(Image-caption web data)

#####

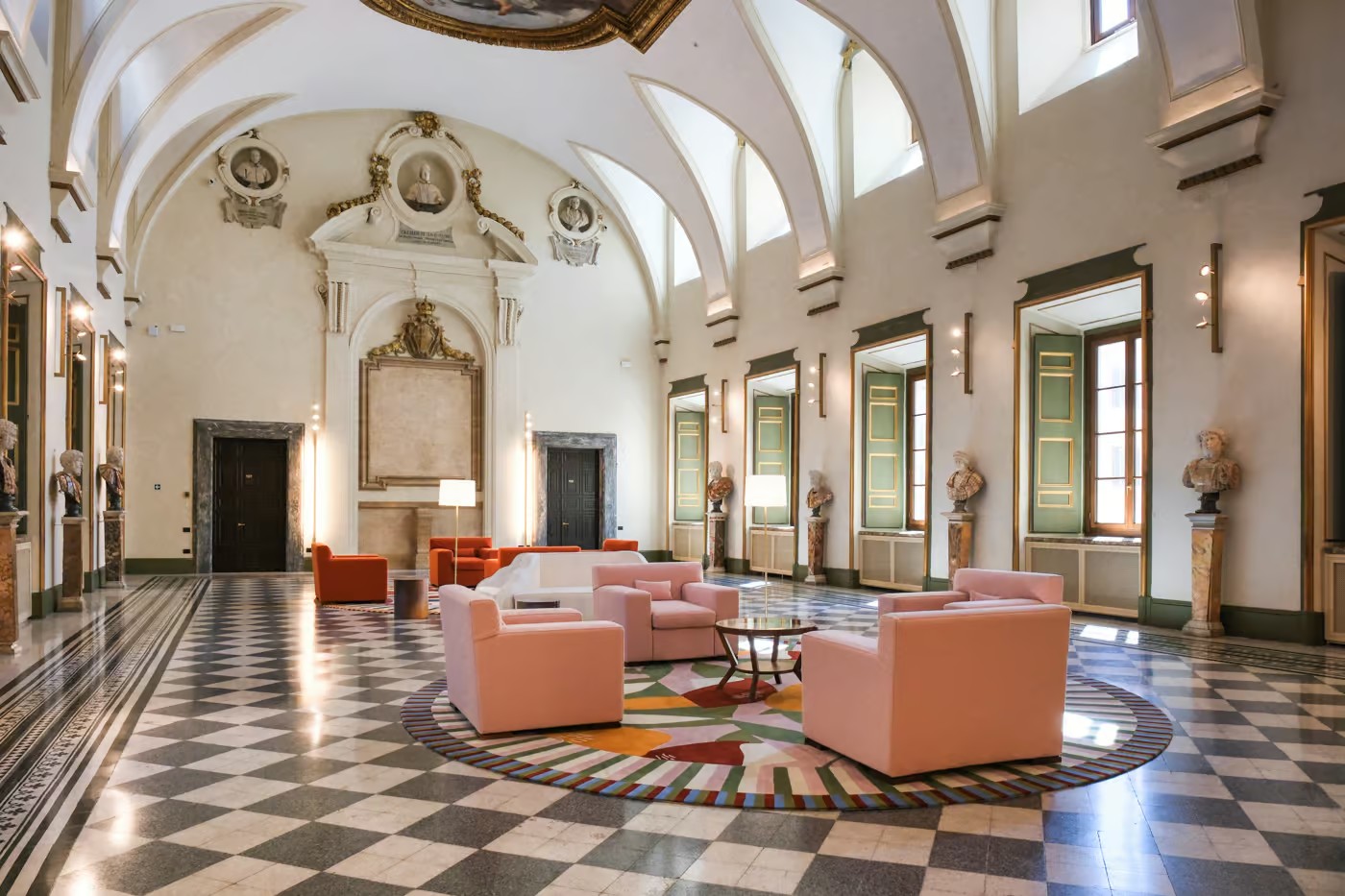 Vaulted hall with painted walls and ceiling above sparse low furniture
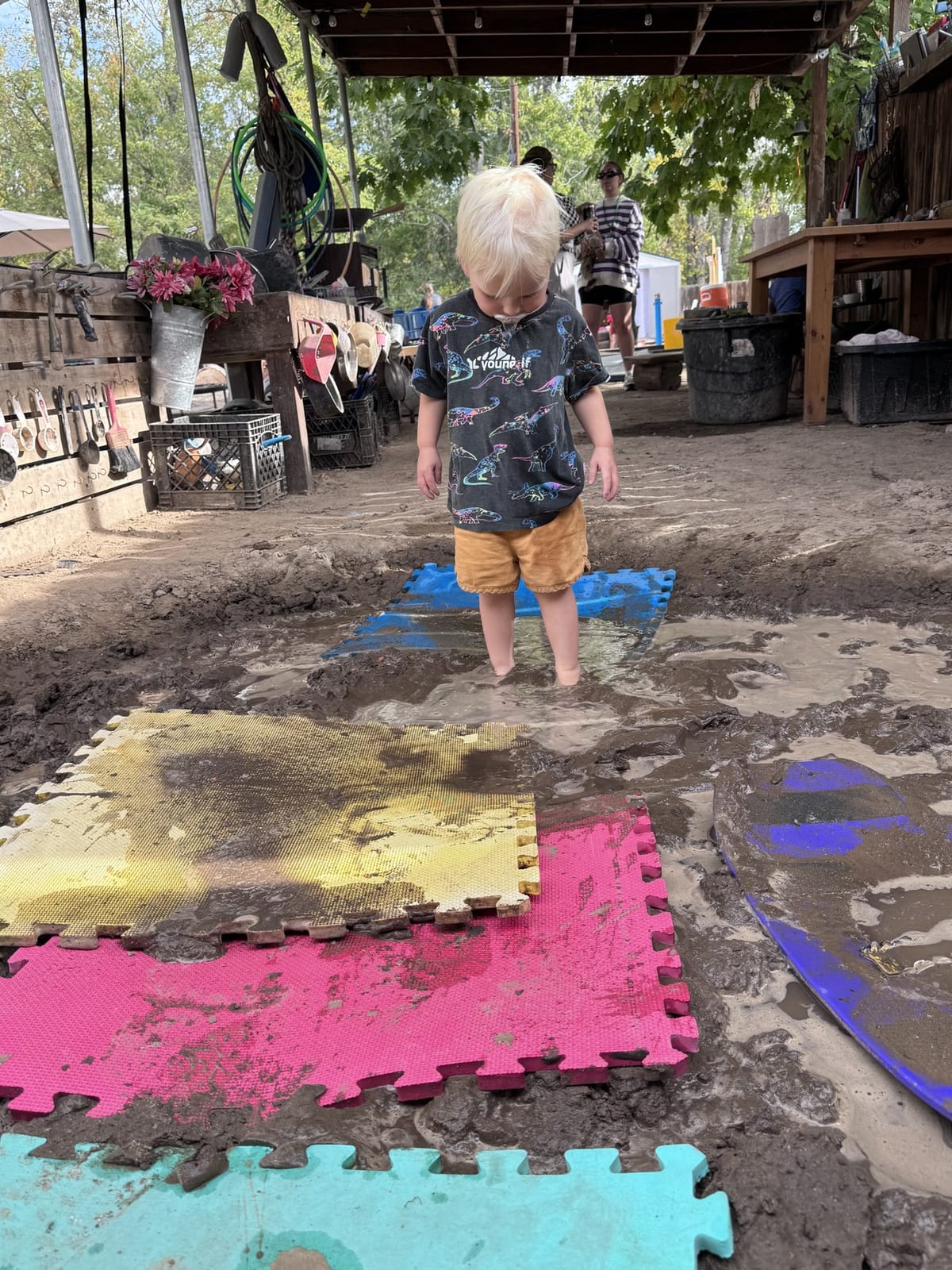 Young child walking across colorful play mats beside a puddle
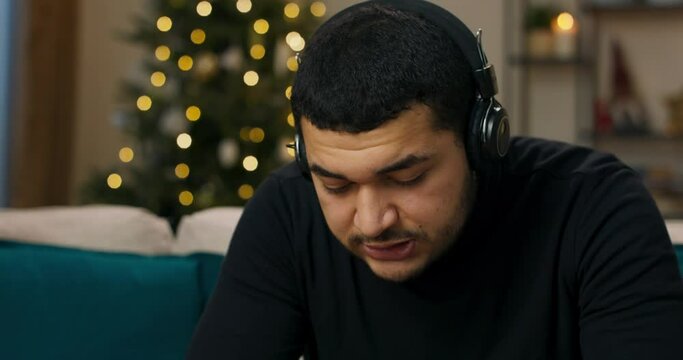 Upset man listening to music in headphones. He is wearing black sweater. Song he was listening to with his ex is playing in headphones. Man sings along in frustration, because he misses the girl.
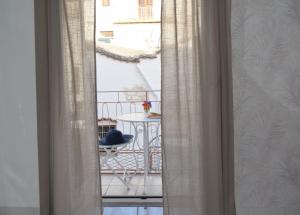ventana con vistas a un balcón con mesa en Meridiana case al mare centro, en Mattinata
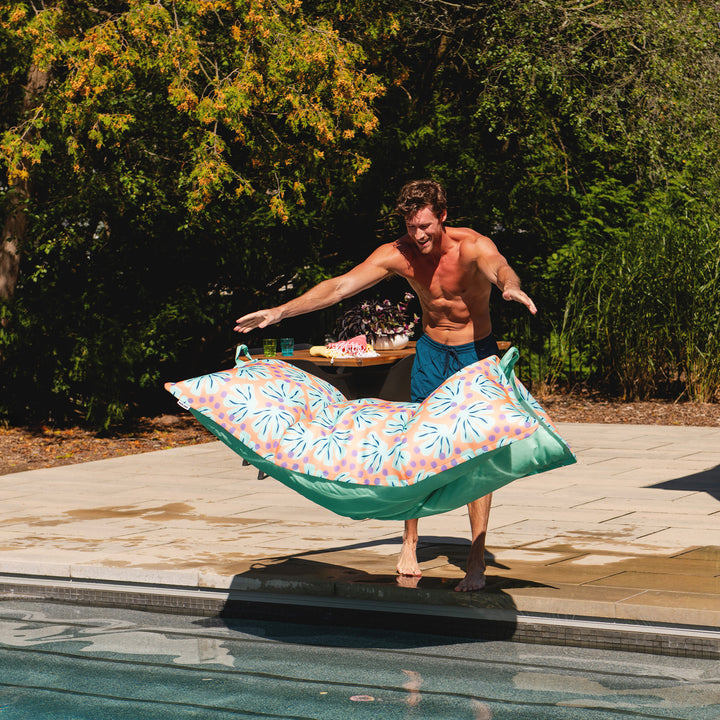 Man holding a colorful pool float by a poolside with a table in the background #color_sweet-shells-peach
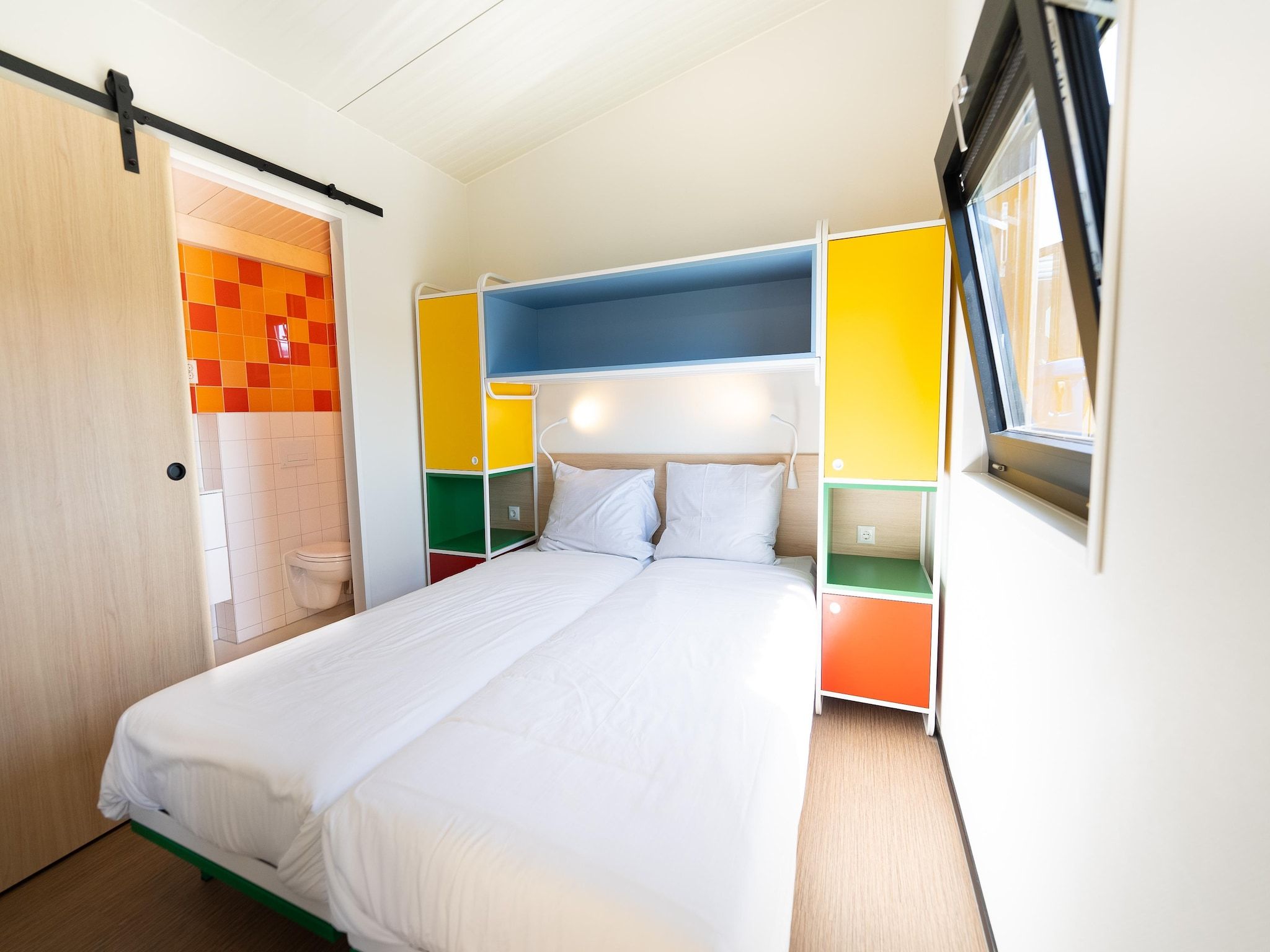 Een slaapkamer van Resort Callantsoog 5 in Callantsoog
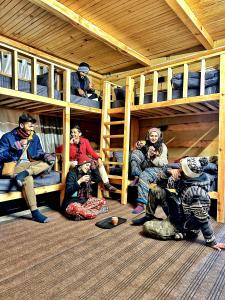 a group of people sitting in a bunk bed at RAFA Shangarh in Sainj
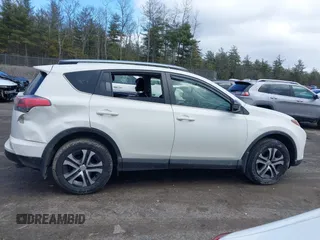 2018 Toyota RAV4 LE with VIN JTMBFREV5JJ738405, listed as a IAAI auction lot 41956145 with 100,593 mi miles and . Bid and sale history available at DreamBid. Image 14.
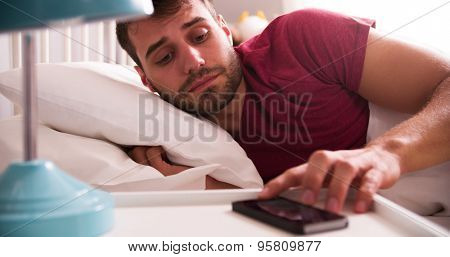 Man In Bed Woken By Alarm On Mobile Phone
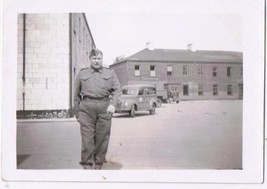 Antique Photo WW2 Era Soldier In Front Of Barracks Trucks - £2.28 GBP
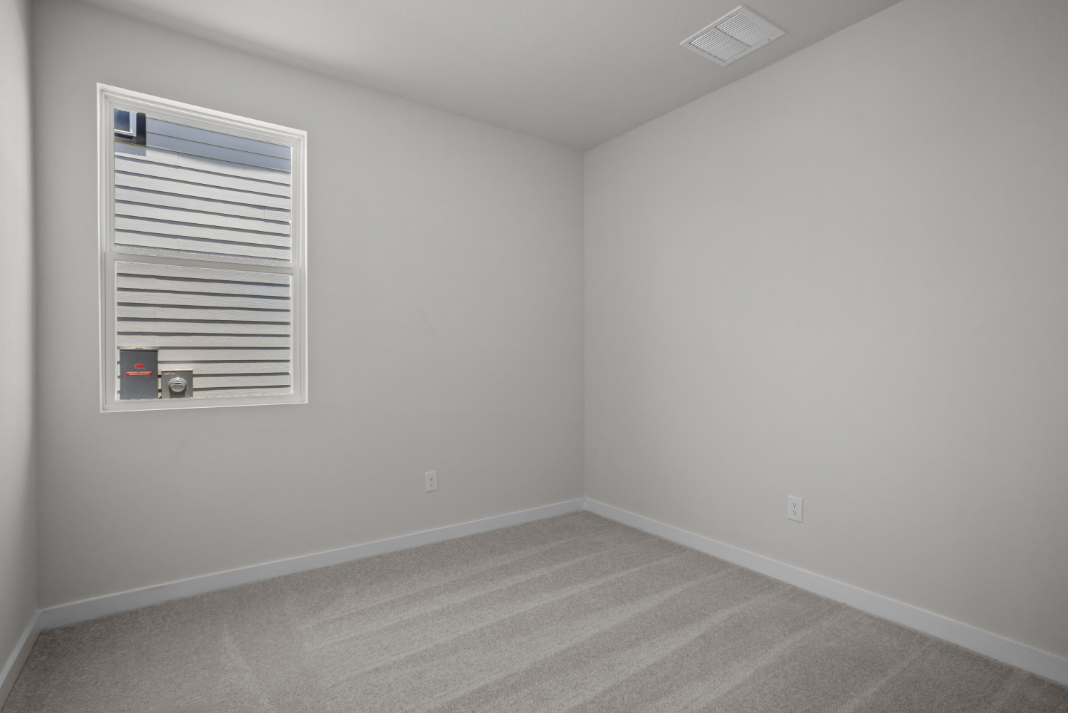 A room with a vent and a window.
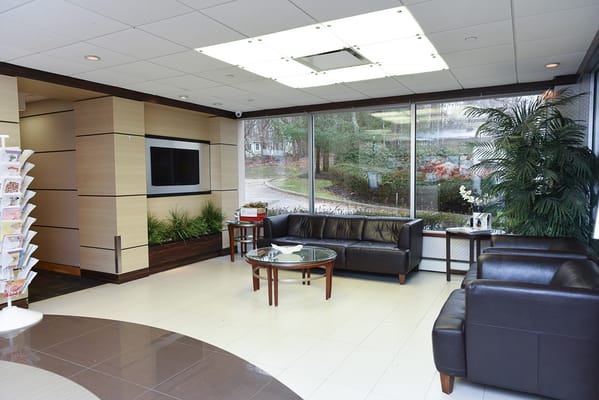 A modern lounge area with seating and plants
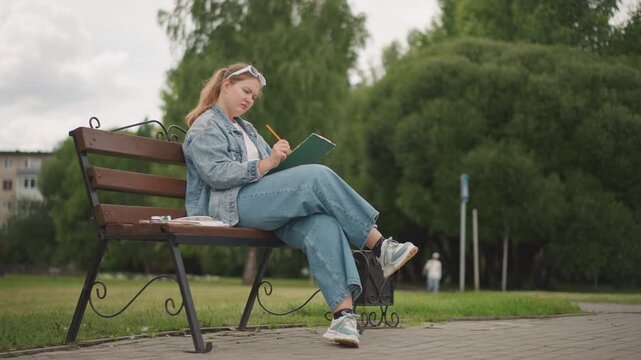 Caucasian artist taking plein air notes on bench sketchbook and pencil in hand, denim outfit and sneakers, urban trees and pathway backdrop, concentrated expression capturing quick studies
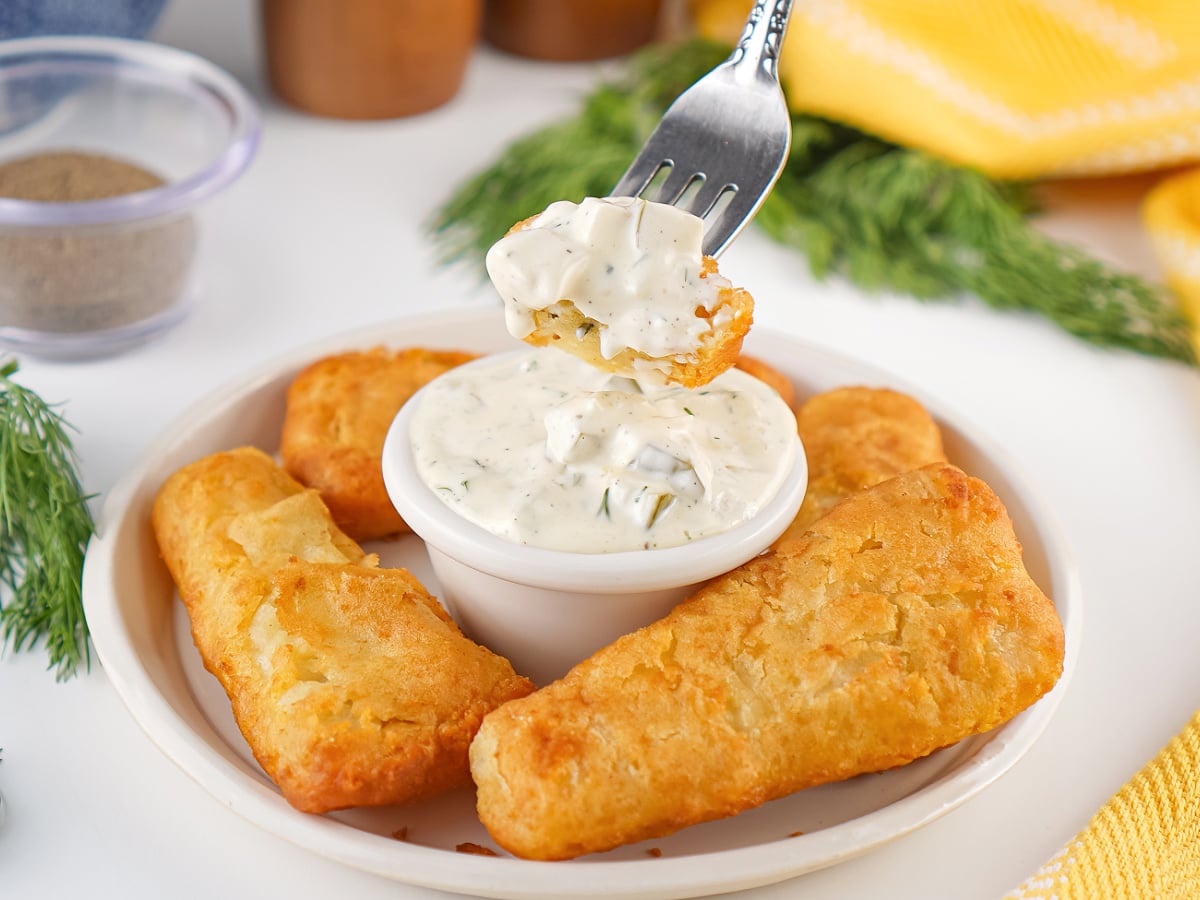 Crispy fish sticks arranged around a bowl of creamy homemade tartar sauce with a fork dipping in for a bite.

#####

» Work item: Would you output only the span of the records above that opens with the line containing "Antique Photo WW2" and closes with the line containing "A modern lounge area with seating and plants", ends included and pictures dropped?

» Solution to this task:
 Antique Photo WW2 Era Soldier In Front Of Barracks Trucks - £2.28 GBP
 A room with a vent and a window.
 A modern lounge area with seating and plants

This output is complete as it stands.